Here are some pics from our Haunted Hotel last year. The Invitation was a letter confirming their reservation & we burned the edges of them (going with the theme that our hotel had burned down in the early 1900's and had just been reopened).


----------



## Lady of Chamberwell Manor (Oct 16, 2006)

A few more pictures of the Chamberwell Hotel 2009. You'll see a picture of a board of keys that we hung behind the check-in desk. This was used the night of our party. As each guest entered the haunt they were given a key to hold onto. Later during the party we brought out a really old suitcase with a rusty chain wrapped around it and a lock through it and each guest had to line up to see if their key opened the lock. Our grand prize was inside. The guests loved it. Let me see if I can find a picture of the suitcase...


----------



## Lady of Chamberwell Manor (Oct 16, 2006)

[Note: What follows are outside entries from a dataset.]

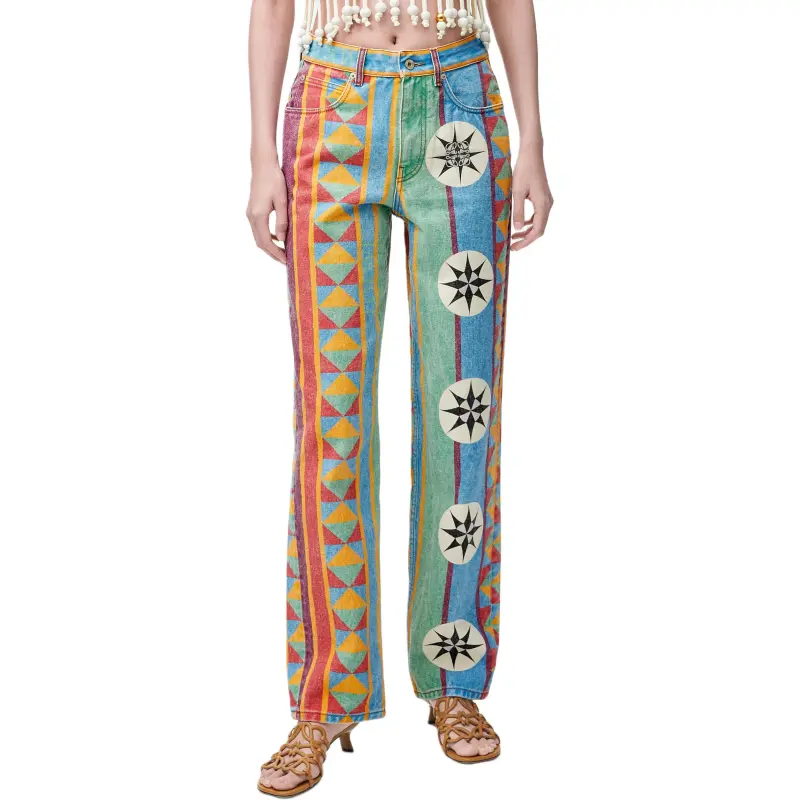 LOEWE Paula's Ibiza SS25 Jeans Women's Multicolor-1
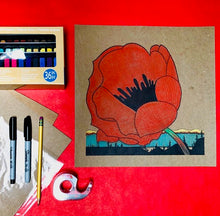 Load image into Gallery viewer, BEGINNER - Floral Line Drawing inspired by Art Hansen - SUPPLIES + VIDEO TUTORIAL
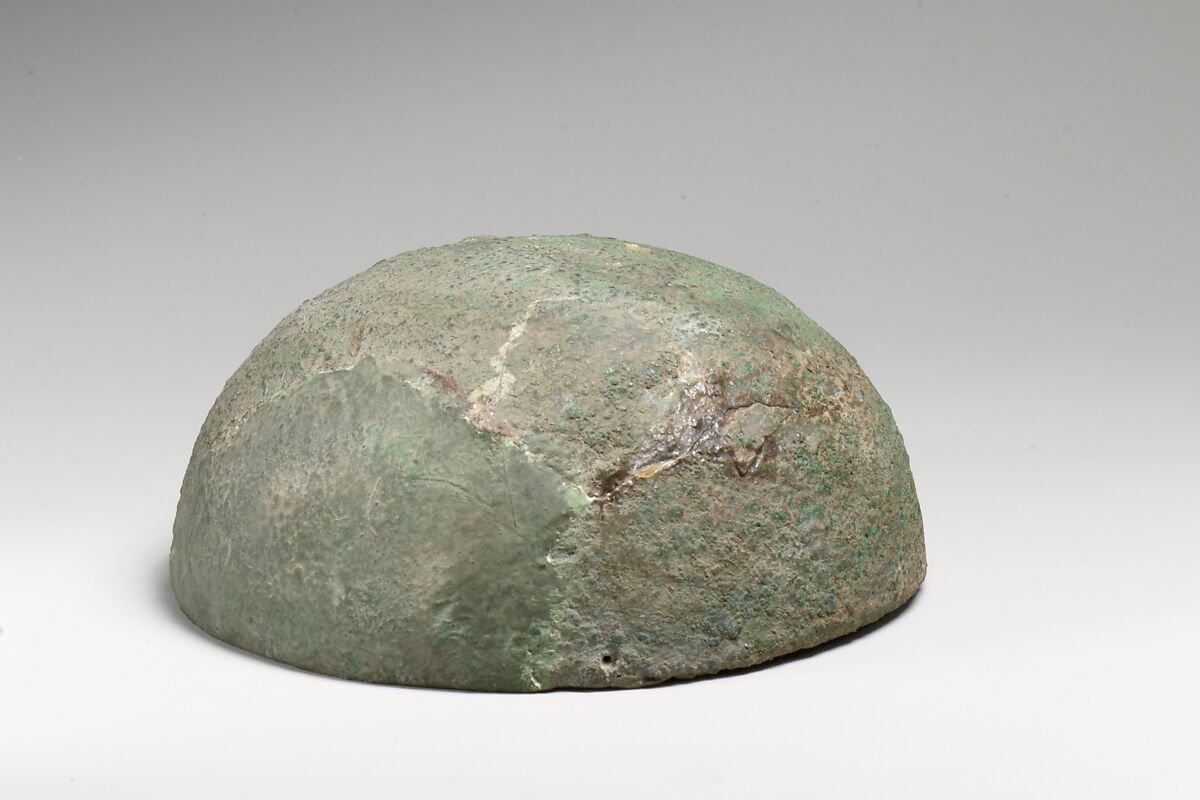 Bronze hemispherical bowl, Bronze, Cretan 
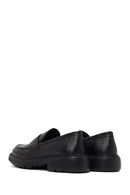 Men's Black Thick-Soled Leather Loafer | Derimod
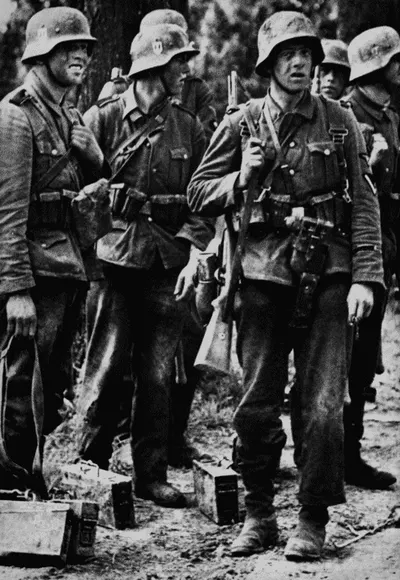 Destined to become some of the last defenders of Sector Zitadelle - a group of French Waffen SS (Charlemagne) arrived in Berlin late on April 24th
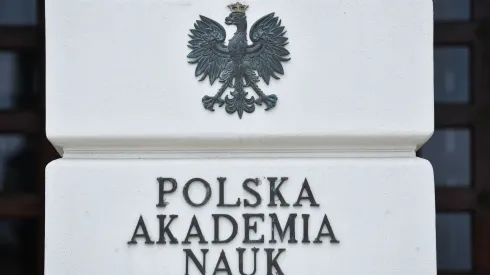 , 07.04.2021. Pałac Staszica w Warszawie, siedziba Polskiej Akademii Nauk. PAP/Radek Pietruszka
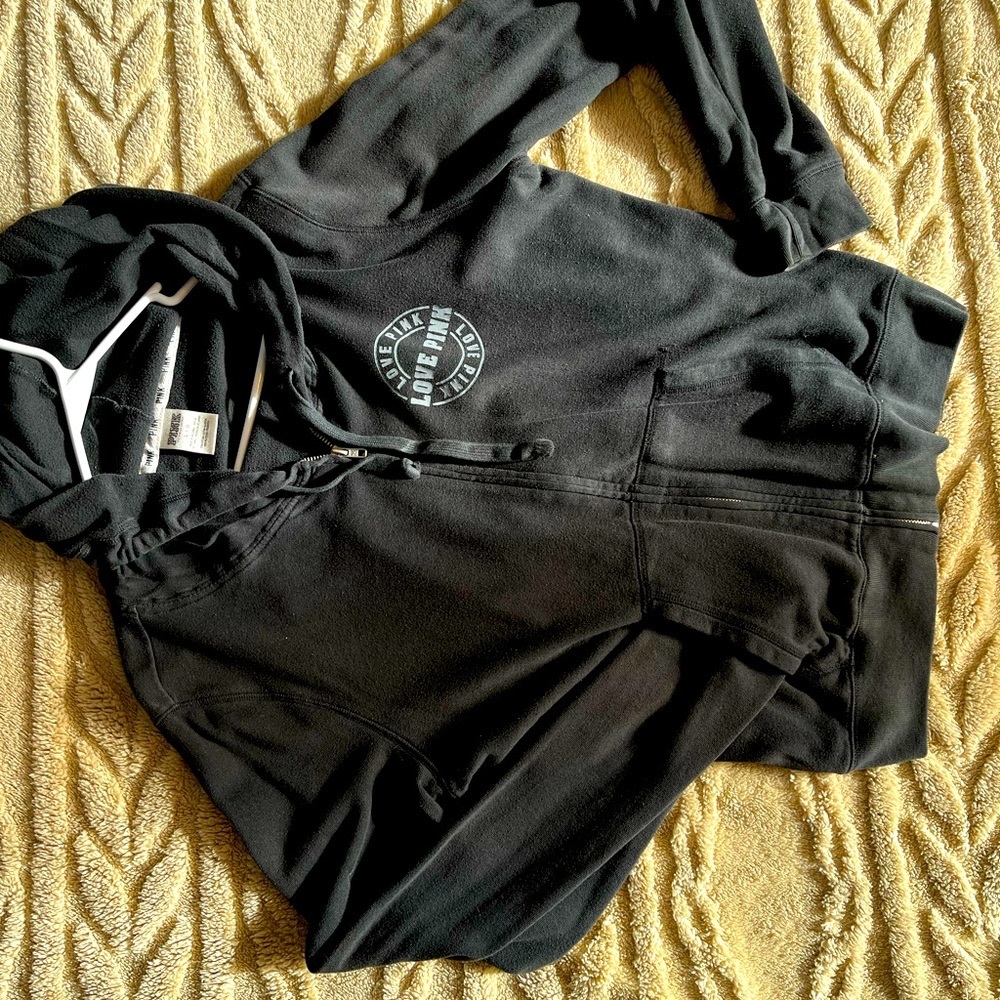 Pink zip up hoodie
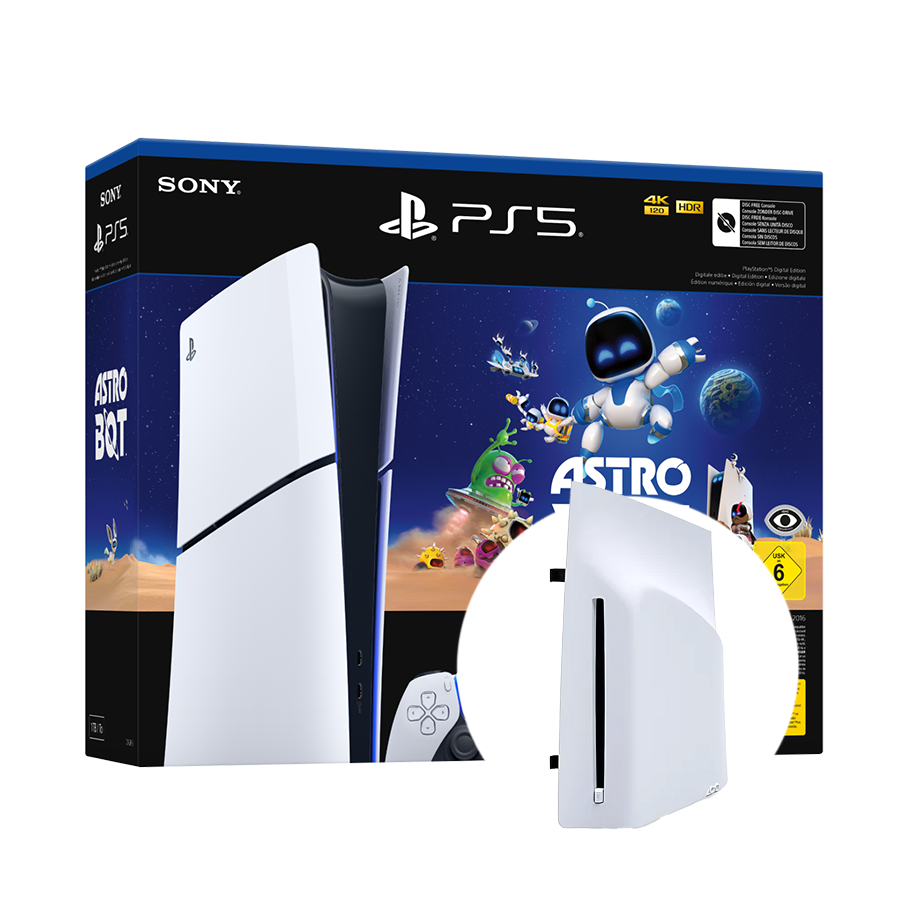 PlayStation 5 Slim Digital Edition D chassis + Playstation Disc drive+ Astro Bot VCH 1000044336V2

The suitcase and another picture I found


----------



## madammorrible (Aug 9, 2009)

I'm speechless. Amazing inspiration you guys!


----------



## Gorey Vidal (Jul 7, 2010)

Try googling or looking through your town's hall of records for images of hotels during this time period. Then all you need to do is to tone down the brightness and cheer and go towards the dingy, run-down look.


----------



## B Scary (Sep 8, 2007)

Here's a link to our hotel pictures from last year -- we are doing it again this year but with a twist. Still working on the new twist though.

http://i224.photobucket.com/albums/dd208/kimb1023/The%20Vendome/vendomecover.jpg

http://s224.photobucket.com/albums/dd208/kimb1023/The%20Vendome/

You can click on the link and find other pictures of the hotel guests and food etc...


----------